KEP-557: CSI Volume Topology
CSI Volume Topology
Table of Contents
- Summary
- Upgrade/Downgrade Strategy
- Version Skew Strategy
- Test Plan
- Graduation Criteria
- Implementation History
Summary
This KEP is written after the original design doc has been approved and implemented. Design for CSI Volume Topology Support in Kubernetes is incorporated as part of the CSI Volume Plugins in Kubernetes Design Doc .
The rest of the document includes required information missing from the original design document: test plan and graduation criteria.
Upgrade/Downgrade Strategy
When moving to GA in K8s 1.17, the storage/v1 CSINode object will be introduced. 1.17 kubelets will immediately start creating v1 CSINode objects. 1.17 in-tree controllers (scheduler and attach-detach controller) can switch to using the v1 APIs.
External controllers like the csi-provisioner and csi-attacher can start using the v1 objects if they are able to coordinate and align their deployment with the deployment of the API server. However, this may not always be possible, and newer sidecars should be able to continue to work on older Kubernetes versions. Therefore, these sidecars need to continue to support both v1beta1 and v1 versions for the duration of the deprecation period. They can try the v1 API first, and then fallback to v1beta if the v1 API doesn’t exist.
Deprecations
The v1beta1.CSINode object will be deprecated in K8s 1.17, and can be removed in 1.20 according to the Kubernetes deprecation policy.
What that means is in 1.20, CSI drivers using older versions of CSI sidecars that are not aware of v1 objects will stop functioning unless they upgrade to newer versions of the sidecars that are v1-aware.
Similarly, we will deprecate v1beta1.CSINode support in the CSI sidecars in the sidecar release where we introduce v1 support, and remove v1beta1 support from the sidecar in the same release corresponding to K8s 1.20. That removal will require a new major version of the CSI sidecars.
Version Skew Strategy
CSI sidecars will support the scenario with K8s 1.13 nodes where CSINode may not have existed until we remove support for v1beta1 in 1.20 and bump the major version. This behavior also needs to be deprecated when we release the v1-aware sidecar version.
Test Plan
- Unit tests around topology logic in kubelet and CSI external-provisioner.

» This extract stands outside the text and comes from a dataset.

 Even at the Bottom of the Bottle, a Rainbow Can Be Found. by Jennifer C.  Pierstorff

- New e2e tests around topology features will be added in CSI e2e test suites, which test various volume operation behaviors from the perspective of the end user. Tests include:
- (Positive) Volume provisioning with immediate volume binding and AllowedTopologies set.

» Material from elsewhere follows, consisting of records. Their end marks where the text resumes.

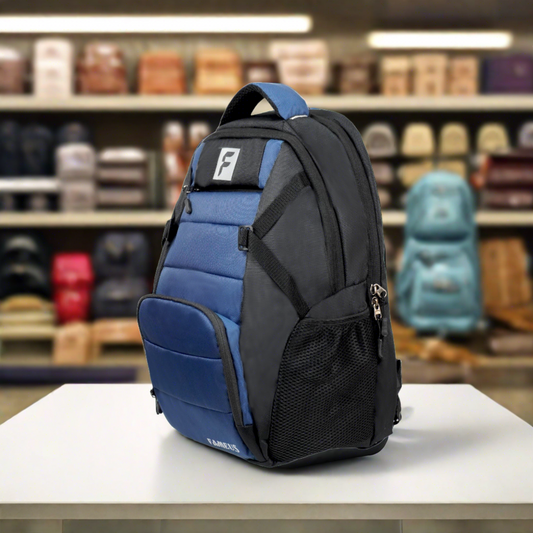 Navy blue backpack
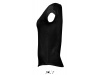 T-SHIRT DECOTE EM V PARA SENHORA CORES MOD WOMEN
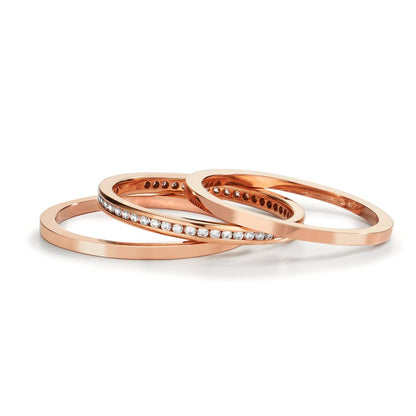 Ring sæt Diamant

- (Positive) Volume provisioning with delayed volume binding.
- (Positive) Volume provisioning with delayed volume binding and AllowedTopologies set.
- (Negative) Volume provisioning with immediate volume binding and pod zone missing from AllowedTopologies.

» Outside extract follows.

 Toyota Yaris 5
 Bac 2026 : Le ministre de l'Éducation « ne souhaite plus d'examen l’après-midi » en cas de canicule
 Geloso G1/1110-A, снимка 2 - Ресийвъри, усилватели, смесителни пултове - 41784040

- (Negative) Volume provisioning with delayed volume binding and pod zone missing from AllowedTopologies. Initially topology tests are run against a single CSI driver. As the CSI test suites become modularized they will run against arbitrary CSI drivers.
GA testing
- Manual e2e testing for upgrade and version skew scenarios.
- An older sidecar that only understands v1beta1 should continue to work when the cluster is upgraded to 1.17. Upgrading the sidecar after cluster upgrade to a version that understands v1 objects should also continue to work.
- A newer sidecar that supports v1 and v1beta1 should continue to work if Master and Nodes are < 1.17.
- A newer sidecar that supports v1 and v1beta1 should continue to work if Nodes are < 1.17.
- A newer sidecar that only supports v1 should work if Master is >= 1.17. Nodes can be >= 1.15 and still use the v1beta object.
Graduation Criteria
Alpha->Beta
- Feature complete, including:
- Volume provisioning with required topology constraints
- Volume provisioning with preferred topology
- Cluster-wide topology aggregation
- StatefulSet volume spreading
- Depends on: CSINodeInfo beta or above; Kubelet Plugins Watcher beta or above
- Unit and e2e tests implemented
Beta->GA
- Depends on: CSINodeInfo GA; Kubelet Plugins Watcher GA
- Stress test: provisioning load tests; node scale tests; component crash tests
- Feature deployed in production and have gone through at least one K8s upgrade.
- Upgrade and version skew testing.
Implementation History
- K8s 1.12: Alpha
- K8s 1.14: Beta
- K8s 1.17: GA